札幌市北区北8条西1丁目で進んでいる市街地再開発事業。街区一帯が「さつきた8・1」とネーミングされ、2024年春誕生に向け着々と建設が進んでいる。この「さつきた8・1」が他の再開発事業と大きく異なるのは、低層階に演劇用の劇場が組み込まれること。座席数226席と小型ではあるものの、音響や照明は本格的で札幌の演劇シーンに大きなインパクトを与えると期待されている。札幌駅北口には元々演劇文化の土壌があったが、新たに建設される「北八劇場」は、そうした土壌を引き継ぎ、地域の新しい物語を紡いでいく舞台となりそう。「北八劇場」の運営を担っていく一般財団法人田中記念劇場財団の田中重明理事長(JBEホ―ルディングス代表取締役)、平田修二専務理事(公益財団法人北海道演劇財団顧問、札幌劇場連絡会顧問)、阿部基良評議員(ゴーランド専務)、笠島麻衣事務局長の4人にインタビューした。(写真は、一般財団法人田中記念劇場財団の田中重明理事長)
ーー劇場をつくろうと決めたきっかけは何だったのでしょうか。
田中 北8条西1丁目の土地は、曾祖父が明治の中頃に購入しました。その後、鉄道ができて札幌の街も大きく発展していきましたが、駅の北側はなかなか開発が進まず、市街化が遅れていました。再開発構想が何度か計画されましたが、バブル崩壊なども重なり実現しませんでした。そうした中で今回、ようやく事業が進むことになった。補助金が支出される市街地再開発事業では、地域に貢献することがうたわれていて、この地の再開発でも公開空地やアトリウム、災害時に避難できる施設を設けるなど、社会的インフラの一部も担うことになっています。

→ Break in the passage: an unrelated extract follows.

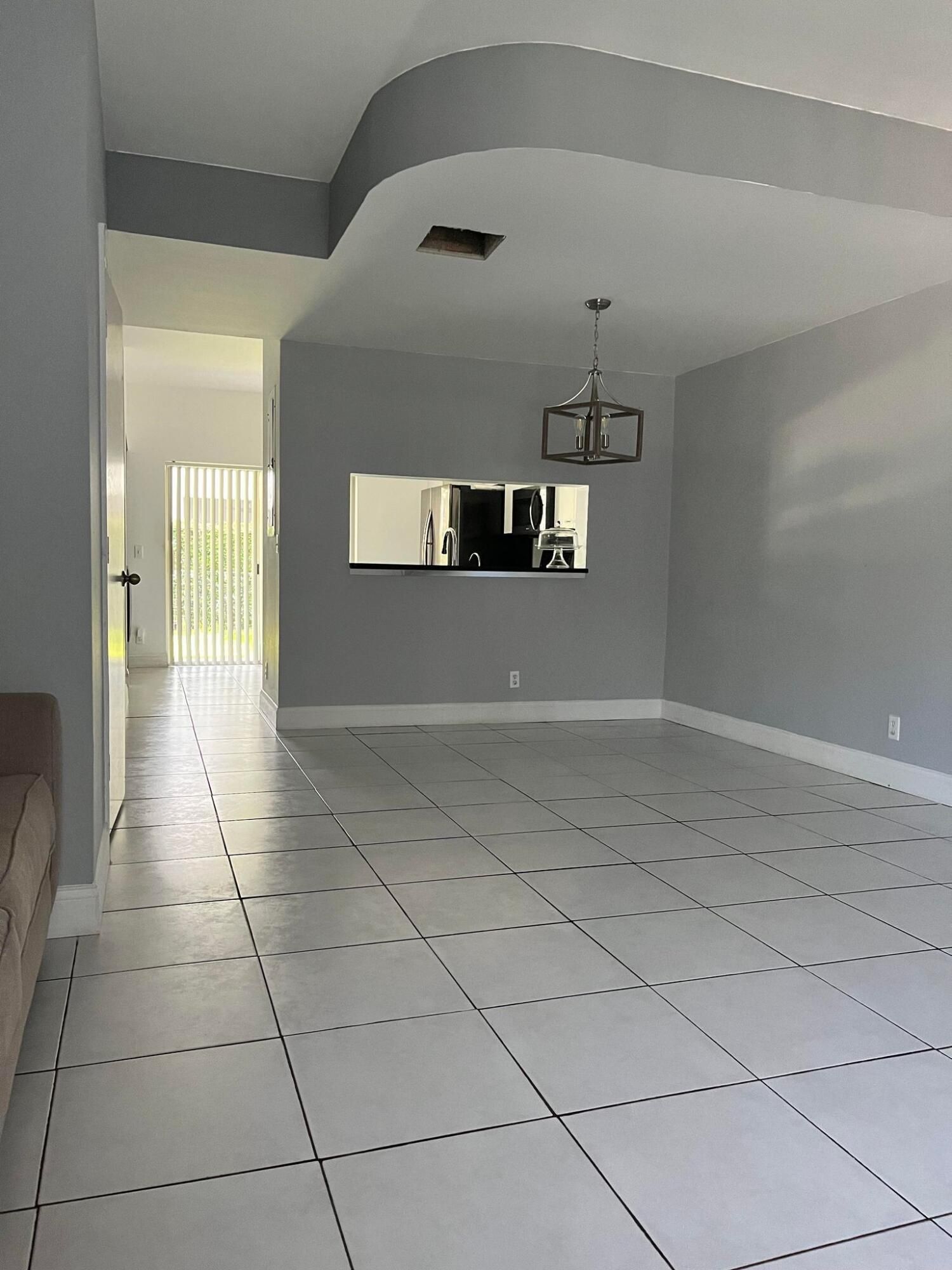 9968 NW 57th Manor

そうした地域貢献を計画していますが、ハードを整備するだけでなく、文化芸術、ソフト面で何らかの貢献をしていくことも大切ではないかと考えました。大きなことはできませんが、地主として関わってきた事業の中で、多少融通できるスぺースもあるので、その分を使って街の発展に繋がるようなことができればと考えました。札幌には、音楽ホールは多いけれど劇場が少ないということも耳にしたので、劇場なら街にインパクトを与えることもでき、文化芸術の発信効果も高いのではないかということで、演劇に最適な劇場をつくることを決めました。
ーー札幌駅北口には演劇文化の蓄積があると聞いています。
平田 駅が高架になる前に踏切がありましたが、その辺りには沢山の倉庫がありました。そのうちの一つが八号倉庫として、演劇によく利用されていました。1980年代から90年代は、さまざまな建物を利用して芸術的なムーブメントを起こそうという時代でした。そうした潮流の中で、歴史的な倉庫を劇場に使おうと、八号倉庫が使われていたのです。北9条西3丁目には、「蠍(さそり)座」という映画館もありました。そこはシアターキノと並んで、特徴ある映画を上映する映画館でした。

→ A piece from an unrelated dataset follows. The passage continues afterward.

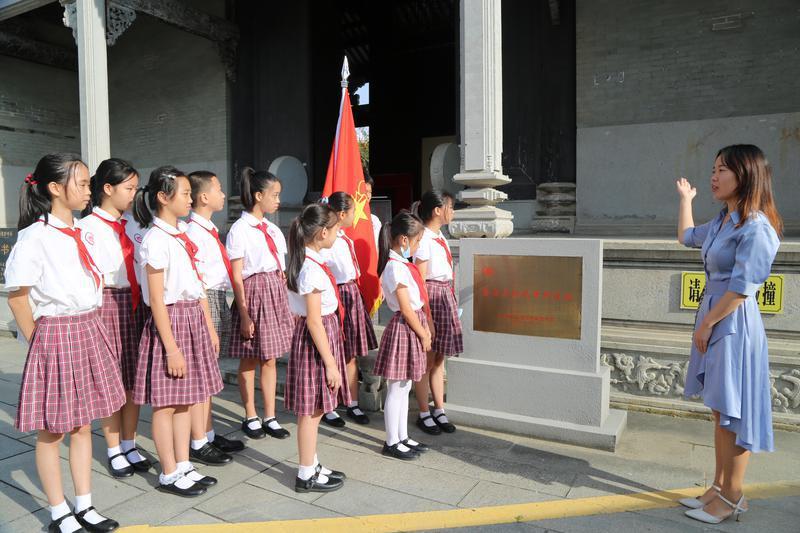 以百年党史立少年之志！百年西小赓续百年初心，承载创新梦想，培育时代新人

ーーそのような土地固有の地盤がある中での劇場誕生ですね。
平田 北海道大学の存在も大きいと思います。40年くらい前、北大の演劇関係者が北12条に小さな劇場をつくったことがありますし、最近では、北大で演劇を始めて現在は劇団を主宰している方が、北9条西2丁目に演劇用のカタリナスタジオをつくっています。北大からはみ出してくるムーブメントが、この界隈には伝統的にあります。
田中 そういう流れがあることと、もう一つは創成川があって、この地は明治後期に茨戸と札幌駅を結ぶ鉄道馬車の発着点でもありました。歴史的に交通の要衝だった地域なのですが、そうした土地の歴史が忘れ去られたところもありました。再開発によって街の役割が変わっていく中で、さまざまな文化的なことを復活させようという狙いもあります。商業は大通や駅前の南に任せて、北口のこの地は、文化の発信地にしようという意気込みを持っています。